DATA TO EXAMINE>
--------------------

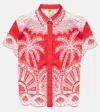 Farm Rio Palm Tree Buttondown Shirt In Red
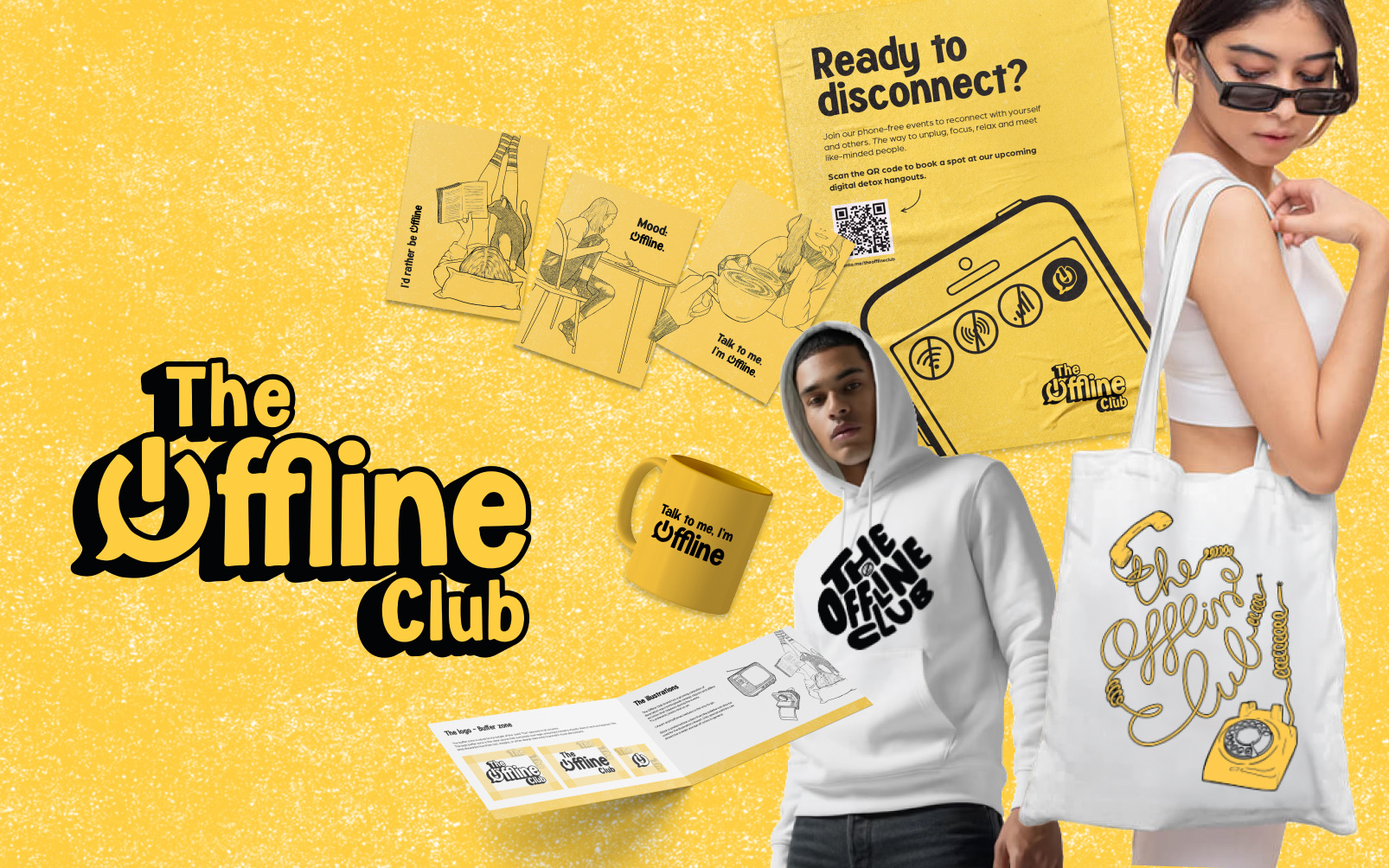 The Offline Club | Brand Identity for a Global Movement brand design brand guardian canva templates franchise illustration merch pos material postcard design sweater design tote design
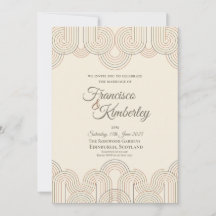 Convite de Casamento Art Déco em Forma de Leque Do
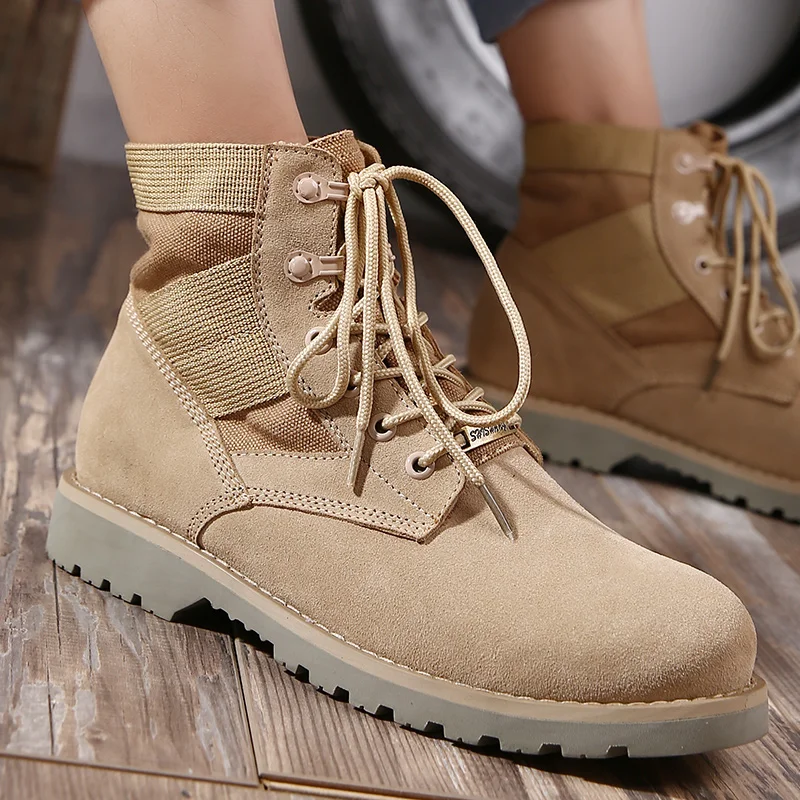 2021 Модные ботильоны Мужская обувь Повседневная замшевая Уличная из натуральной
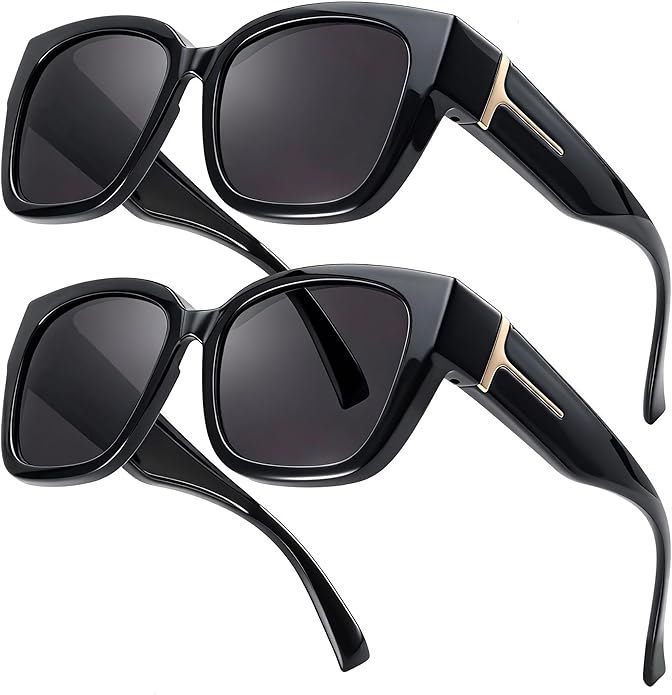 LVIOE 2 Pack Polarized Fit Over Sunglasses for Women Men Oversized Square Over Glasses Sunglasses with UV Protection LS7511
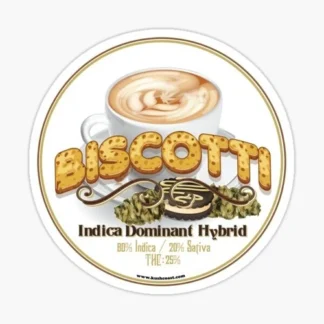 biscotti strain Laptop sticker  weed skateboard  bumper car truck 420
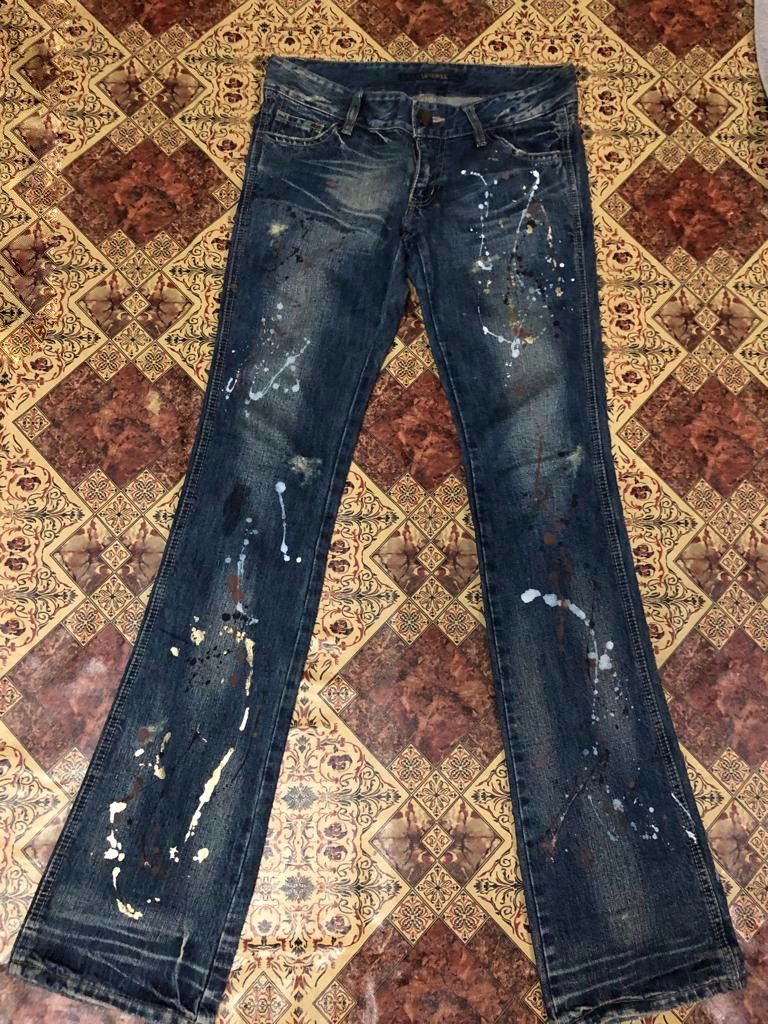 If Six Was Nine Lip Service Splash Paint Flare Denim Pants Size 30" / US 8 / IT 44 - 1 Thumbnail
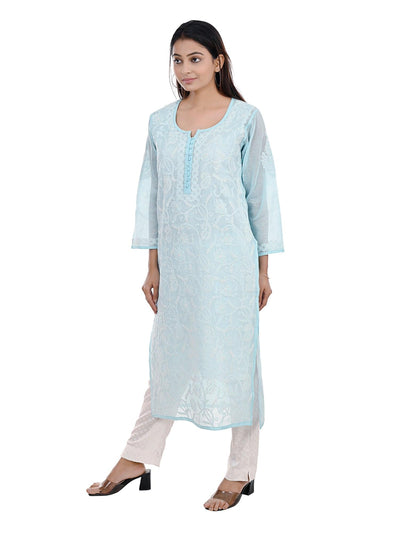 Almas Lifestyle Lucknowi Chikankari Kota Kurti | Light Blue - Almas Lifestyle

--------------------

Would it be possible to give the material above again exactly, with the pictures left out?

ANSWER TO THIS PROBLEM>
 Farm Rio Palm Tree Buttondown Shirt In Red
 The Offline Club | Brand Identity for a Global Movement brand design brand guardian canva templates franchise illustration merch pos material postcard design sweater design tote design
 Convite de Casamento Art Déco em Forma de Leque Do
 2021 Модные ботильоны Мужская обувь Повседневная замшевая Уличная из натуральной
 LVIOE 2 Pack Polarized Fit Over Sunglasses for Women Men Oversized Square Over Glasses Sunglasses with UV Protection LS7511
 biscotti strain Laptop sticker  weed skateboard  bumper car truck 420
 If Six Was Nine Lip Service Splash Paint Flare Denim Pants Size 30" / US 8 / IT 44 - 1 Thumbnail
 Almas Lifestyle Lucknowi Chikankari Kota Kurti | Light Blue - Almas Lifestyle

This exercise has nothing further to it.